When kidneys fail, dialysis can help. But a transplant is the more effective and better quality-of-life option, as long as the implanted organ functions well.
“I’m convinced that the general approach that some of these companies are taking is going to be effective.”
— MARTIN POLLAK
To assess the likelihood of this, clinicians rank potential transplant organs using a 10-factor scale. Because kidneys donated by African Americans have historically failed, on average, faster than those from other groups, one criterion is whether the donor is Black. “The way the calculation is done,” says Moxey-Mims, “this automatically downgrades the kidney.”
But small studies published since 2011 indicate that a major factor here is likely the APOL1 genotype. “Those Black donors who didn’t have two high-risk alleles — their donated kidney lasted as long as anybody else’s,” Moxey-Mims says.
These studies have already led some US transplant centers to refuse kidneys from people with high-risk APOL1 genotypes. But in a bid to unify transplant policy, Moxey-Mims is chairing an investigation charting the longevity of kidneys donated by African Americans in over 2,600 transplants according to the donors’ APOL1 genes.
Moxey-Mims hopes to publish preliminary results in 2025. If they confirm earlier results, APOL1 genotype might end up replacing race on the transplant checklist. “If it turns out that this person of African descent does not have two high-risk alleles,” she says, “then there’s no reason to discard that kidney or downgrade it.”
Since around 87 percent of Black Americans don’t have two copies of high-risk gene variants, this could significantly increase the number of available kidneys.
Ensuring a bright future
Inaxaplin is a “potentially amazing therapeutic,” says Neil Powe, a physician at the University of California, San Francisco, who researches kidney disease and racial health disparities. (Powe is not involved with the inaxaplin trials.) Clinical interventions that make specific use of APOL1, he says, open the door to furthering “precision equity,” in which disparities in diseases between groups are tackled by understanding the multiple causes — then identifying and addressing the factors that are most important to individuals.
But success will depend upon drugs reaching the right people — and reaching them before kidneys are damaged beyond recall.
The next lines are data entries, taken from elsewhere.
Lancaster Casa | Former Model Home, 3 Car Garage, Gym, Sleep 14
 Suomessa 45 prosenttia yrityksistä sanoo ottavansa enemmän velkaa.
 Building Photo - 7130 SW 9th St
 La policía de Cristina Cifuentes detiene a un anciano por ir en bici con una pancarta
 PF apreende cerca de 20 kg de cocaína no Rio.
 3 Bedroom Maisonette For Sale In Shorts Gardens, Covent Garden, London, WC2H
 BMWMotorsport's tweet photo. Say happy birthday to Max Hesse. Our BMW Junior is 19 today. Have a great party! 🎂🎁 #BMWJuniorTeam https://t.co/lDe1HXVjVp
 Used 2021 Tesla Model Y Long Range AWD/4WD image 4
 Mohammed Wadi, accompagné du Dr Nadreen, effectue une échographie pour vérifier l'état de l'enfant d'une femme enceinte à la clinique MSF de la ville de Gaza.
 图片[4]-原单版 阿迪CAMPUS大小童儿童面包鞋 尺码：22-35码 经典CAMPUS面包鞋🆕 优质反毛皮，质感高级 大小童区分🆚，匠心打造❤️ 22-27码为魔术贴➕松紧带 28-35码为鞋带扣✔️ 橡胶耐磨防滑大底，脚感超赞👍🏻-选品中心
This, say researchers, will require effective genetic screens used in a socially sensitive manner, and people who are well but genetically at risk might benefit from regular urine protein measurements.
It is unclear how much the US racial disparity in kidney disease rates could be erased by APOL1 therapies. Friedman says he is most optimistic about the impact in young people, where kidney disease disparities are especially glaring.
And, of course, this is not just an American issue. Moxey-Mims recently attended a meeting in Ghana where local delegates wanted assurances that APOL1 drugs would be available across West Africa. She says they cited the pricing structures that pharmaceutical companies implemented to ensure HIV drugs are available in low- and middle-income countries as a model to ensure that APOL1 drugs reach as many people as possible.
Nor does the challenge end in West Africa. “It’ll need to be everywhere,” says Moxey-Mims, “everywhere the African diaspora is.”